Reti di Altre Nostalgie

002 Bava

LORENZO BARBERIS

La prima uscita pubblica del “Margutte” è avvenuta con “Reti di altre nostalgie”, una bella mostra a Piazza, sabato 18 maggio 2013. La mostra di tre amici di lunga data: il pittore Gianni Bava, membro della redazione, e il fotografo Bruno Capellino hanno ormai una certa tradizione delle loro “personali a due” nella saletta “Andrea Pozzo” del caffé “Antico Borgo”, locale storico del quartiere. Questa volta, però, le loro immagini nascevano in sinergia con i testi poetici di Attilio Ianniello, scrittore e storico monregalese anch’egli redattore del “Margutte”, che ha presentato una sua plaquette di poesie, “La sorgente dell’Ellero e altre acque”, stampato dalla cooperativa sociale Insieme.

Gabriella Mongardi, curatrice della rubrica letteraria del “Margutte” stesso,  stendendo la prefazione dell’opera ha notato un rapporto con “Il torrente” di Saba; dodici liriche sono infatti dedicata all’El, il fiume di Mondovì, italianizzato in tempi recenti in Ellero; un termine di radice indoeuropea che significa “ciò che scorre” (curioso che la omofona radice ebraica EL sia quella associata, in tale ambito linguistico, al Divino).

Le altre dodici sono dedicate alle nubi, l’altra forma dell’acqua nel ciclo che garantisce la vita sulla terra.

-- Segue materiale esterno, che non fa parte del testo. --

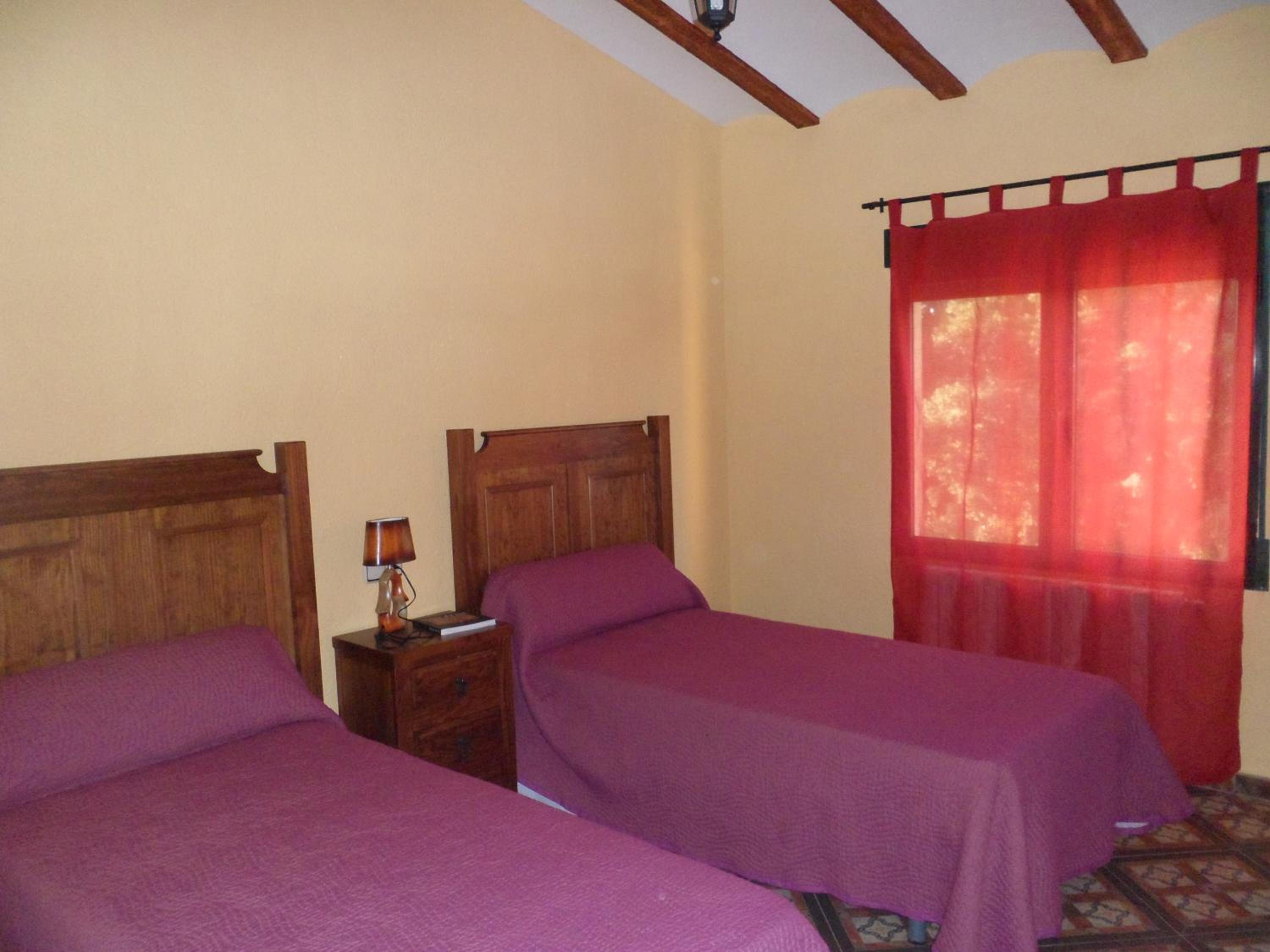 Casa adosada de tres habitaciones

Come conferma anche lo stesso autore nella presentazione, l’acqua è qui come elemento materno, come nella proto-alchimia gnostica, in autori quali Basilius Valentinus e simili, che assumevano quale loro motto “Vitriol”, ovvero Visita Interiora Terrae, Rectificando Invenies Occultum Lapidem”. Ovvero, “visita l’interno della Terra, e rinvieni – correggendo – la Pietra Segreta”. L’interno della Terra sono, ovviamente, in un rapporto macro e microcosmo, le acque amniotiche dello stadio pre-nascita, in cui si cela la Pietra Filosofale, ovvero il nostro Io primigenio più profondo.

Questo il lavoro, dunque, della poesia, che va qui in parallelo col percorso esistenziale dell’autore, tornato anche fisicamente a Mondovì. E bene lo rappresenta l’immagine di copertina di Bava, che crea una struttura azzurro-acquea di matrice circolare, che ritorna in sé stessa, e che fin richiama nella forma l’Atanor, il forno alchemico nella sua più essenziale figurazione. All’interno, immaginari arabeschi di lingue perdute, alla Al Azred, suggeriscono comunque l’idea di un misterico processo alchemico operato dalla parola poetica dell’autore.

Simmetricamente, l’opera di Attilio entra nelle opere disposte nella mostra: vuoi nelle reinterpretazioni visuali di Gianni Bava, che fa sue le liriche dell’amico poeta, vuoi come didascalie elaborate per le opere di Bruno Capellino, in un processo più distinto e intellettuale, comunque interessante.

Nei dipinti di Gianni le poesie di Attilio sono interpretate spesso con un esplosione vorticosa di colori, un viluppo di fasci cromatici che sprigiona l’idea di energia primordiale contenuta anche nel testo delle liriche stesse.

Capellino, invece, oltre ai consueti lavori sul colore presenta anche alcuni studi sul bianco e nero molto interessanti, quasi incisioni realizzate con la fotocamera, un intrico di segni che paiono graffiti sulla parete di una grotta rituale preistorica.

E infine, come detto, la mostra è stata l’occasione per iniziare ad accennare di questo progetto di sito web, la prima uscita pubblica del “Margutte”. E anche per questo merita di essere qui ricordata.